Sunday, January 18, 2004

Noah's Flood Black Sea - from Steve Burdic - 244 LexiLine Journal

From Steve Burdic
January 16, 2004
...
http://www.webmesh.co.uk/nice/arcnews1.htm
"Remains found at bottom of the Black Sea indicate that Noah's Flood
was real

By Steve Connor
'The discovery of a manmade structure at the bottom of the Black Sea
off northern Turkey has lent powerful support to a controversial
theory suggesting Noah's Flood really happened. Marine
archaeologists have found the first evidence to suggest the floor of
the Black Sea had been inhabited about 7,500 years ago, until it was
inundated with a massive influx from the Mediterranean. Stone tools,
wooden branches and beams are among well-preserved remnants of the
structure 300ft down on the muddy seabed 12 miles off the coast.
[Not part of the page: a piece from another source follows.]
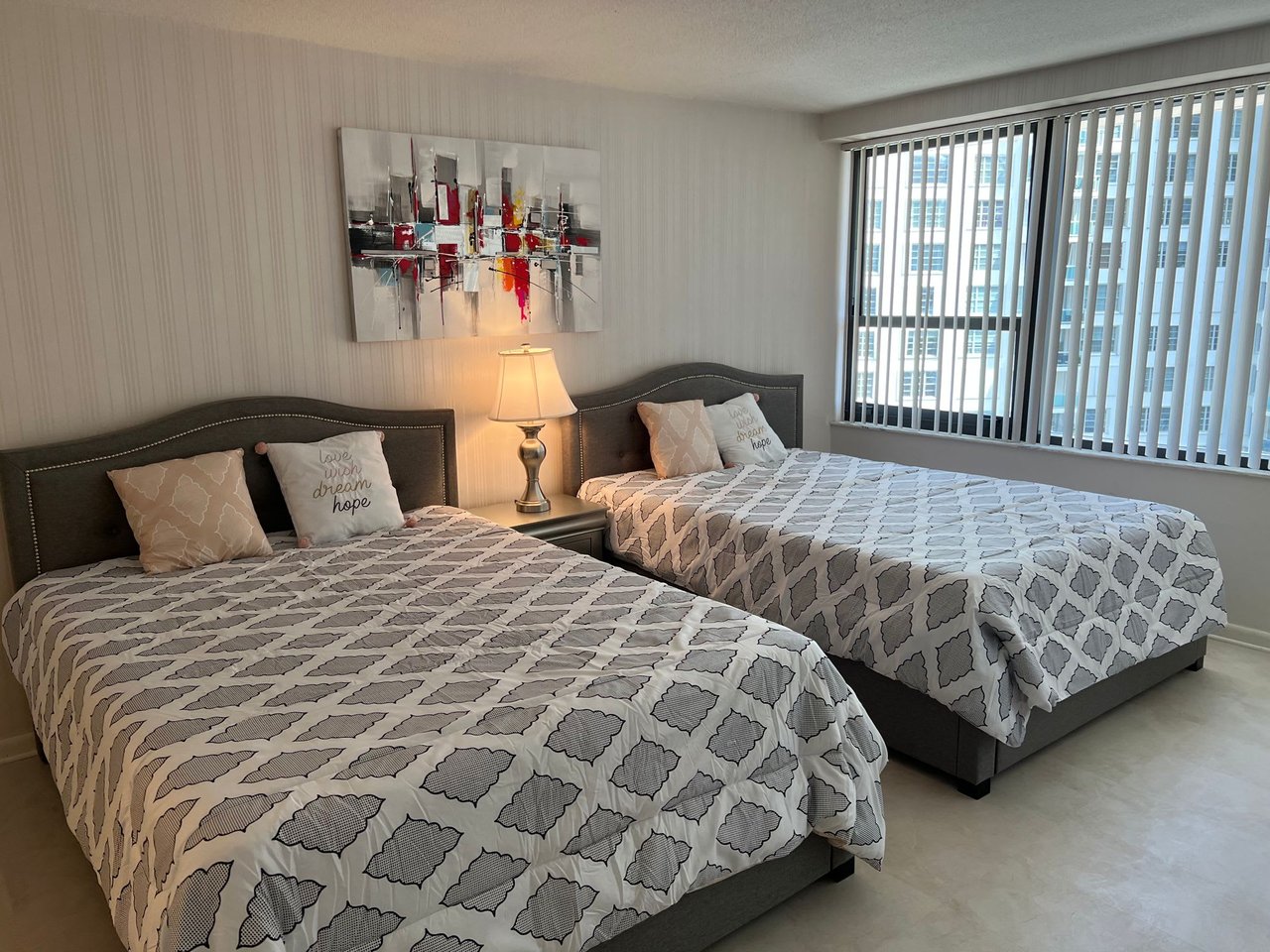 5225 Collins Ave #917 Miami Beach FL-33140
An
expedition funded by the National Geographic Society in America said
first pictures indicated people lived around the fertile shores of
an ancient freshwater lake before the area was transformed into the
Black Sea. Terry Garcia, head of mission programmes for National
Geographic, said: "The significance of this find is that for the
first time we will have established that human beings had settled in
this area and were occupying this area at the time of this
cataclysmic event." The excavation of the underwater site, once a
fertile river valley running into the ancient lake, has not as yet
shed light on whether the flood was instantaneous or a more gradual
event that allowed people to evacuate the area gradually. The
discovery supports the theory that the seabed was once populated
with a prehistoric farming community who had to flee the rising
waters, which could have prompted stories of a giant flood.
Historians have noticed similarities between the biblical account of
Noah's Flood and the Epic of Gilgamesh, a Babylonian poem written in
the third millennium BC, suggesting both may be based on the same
historical event. Two American geologists, William Ryan and Walter
Pitman, suggested four years ago that the floor of the Black Sea was
once a freshwater lake surrounded by fertile valleys and plains
inhabited by the world's first farmers. They believe that as melting
glaciers from the last Ice Age raised sea levels, the Mediterranean
suddenly broke through the strip of land separating it from the
lower freshwater lake. Calculations suggested the inundation could
have caused a giant waterfall many times bigger than Niagara Falls,
pouring enough water into the freshwater lake to cause its surface
to expand by more than a mile a day. The marine archaeologists are
trying to retrieve samples of the submerged structures for
radiocarbon dating. Fredrik Hiebert, chief archaeologist on the
project, said: "This is a major discovery that will begin to rewrite
the history of cultures in this key area between Europe, Asia, and
the ancient Middle East.'"

Thanks Steve. Great article.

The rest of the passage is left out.